Make sure that you implementation utilizes teleportation (1-damping/the number of nodes in the network), and further, distributes the mass of dangling nodes with each iteration
so that the output of each iteration is correctly normalized (sums to 1).
[NOTE: The PageRank algorithm assumes that a random surfer (walker), starting from a random web page, chooses the next page to which it will move by clicking at random, with probability d, one of the hyperlinks in the current page. This probability is represented by a so-called ‘damping factor’ d, where d ∈ (0, 1). Otherwise, with probability (1 − d), the surfer jumps to any web page in the network. If a page is a dangling end, meaning it has no outgoing hyperlinks, the random surfer selects an arbitrary web page from a uniform distribution and “teleports” to that page].*

#### Solution


In [6]:
%%writefile test_pr.py
from __future__ import division
 
from mrjob.job import MRJob
from mrjob.step import MRStep
from mrjob.protocol import JSONProtocol
 
from collections import defaultdict
from operator import itemgetter
import os 


# Manual number of nodes 
numberOfNodes = pow(10, 1)


class pageRank(MRJob):
 
     """ This class implements the page-rank calculation. """


     def configure_options(self):

          """ Load options for the class. """

          super(pageRank, self).configure_options()

          self.add_passthrough_option('--alpha',
               default=0.85, help='alpha: Dampening factor for teleportation in PageRank')

          self.add_passthrough_option('--iterations',
               default=10, help='iterations: number of iterations for PageRank')


     def load_options(self, args):

          """ Initializes the arguments for each class. """

          super(pageRank, self).load_options(args)

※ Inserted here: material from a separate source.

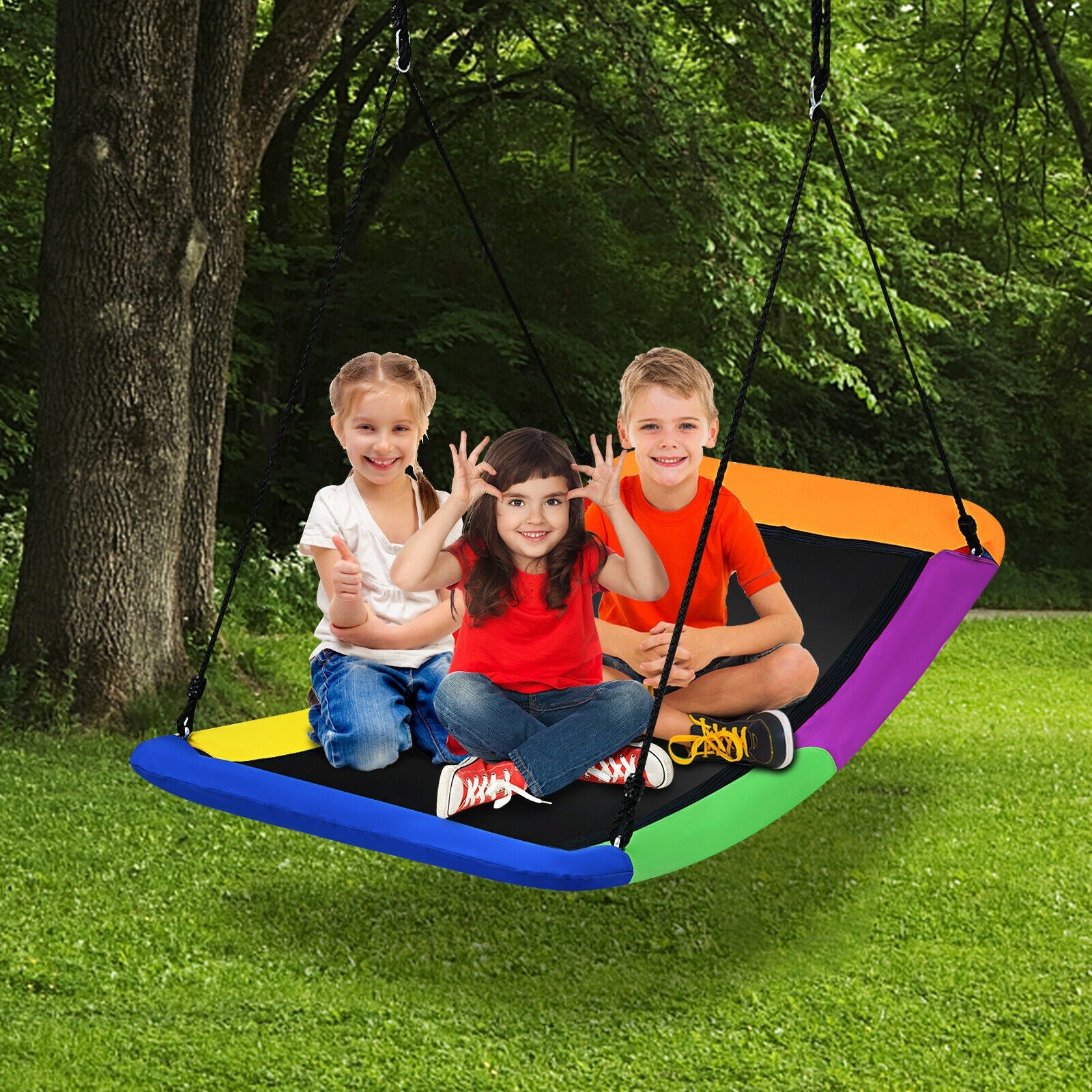 Kids Crystal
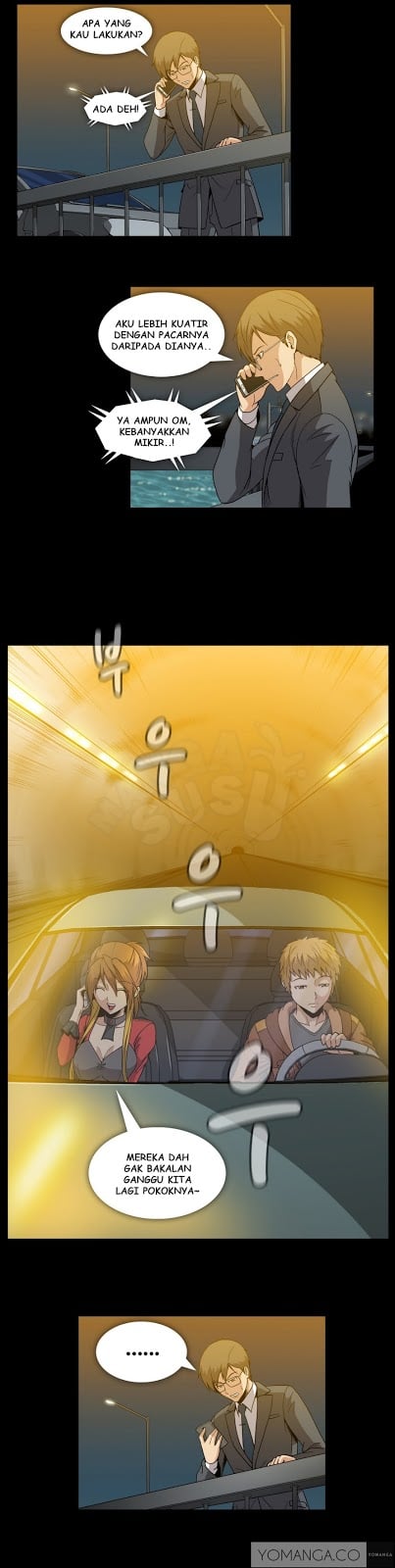 Drug Candy - Chapter 35 18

          self.alpha = self.options.alpha
          self.iterations = self.options.iterations


     def mapper_init_pr(self, _, line):

          """ This initializes the PageRank algorithm by assembling the node list 
          for the initial PageRank values. """

          # Initiate 
          global numberOfNodes 

          # Parse 
          line = line.split('\t')
          node = line[0]
          adjacencyList = eval(line[1])

          # Track 
          for neighbor in adjacencyList.keys(): 

               # Emit raw nodes
               yield neighbor, None

          # numberOfNodes += 1

          # Pass values
          yield node, adjacencyList


     def reducer_init_pr(self, node, initTuple):

          """ This attaches initial PageRanks for the algorithm. """

          adjacencyList = dict()

          # Re-discover 
          for element in initTuple:
               if isinstance(element, dict):
                    adjacencyList = element 

          # Initialize PR
          PageRank = float(1) / float(numberOfNodes)

          # Emit
          yield node, (adjacencyList, PageRank)


     def mapper_iterate_pr(self, node, nodeTuple):

          """ This projects all of the PageRank weights for each node's neighbor. """

          adjacencyList, PageRank = nodeTuple

          if not adjacencyList:
               pass

          else: 

               # Emit PR 
               for neighbor in adjacencyList.keys(): 
                    yield neighbor, PageRank / len(adjacencyList)

          # Emit structure 
          yield node, adjacencyList


     def reducer_iterate_pr(self, node, PRNodeObject):

          """ This reconstructs the graph structure form the updated PageRanks. """

          updatedPR = 0

          # Combine PR 
          for value in PRNodeObject:
               if isinstance(value, dict):
                    adjacencyList = value 

               else: 
                    updatedPR += value 

          # Damping factor 
          updatedPR = ((1 - self.alpha) / numberOfNodes) + self.alpha * updatedPR

          # Emit 
          yield node, (adjacencyList, updatedPR)


     def mapper_sort(self, node, nodeTuple):

          """ Emits the page rank for each node. """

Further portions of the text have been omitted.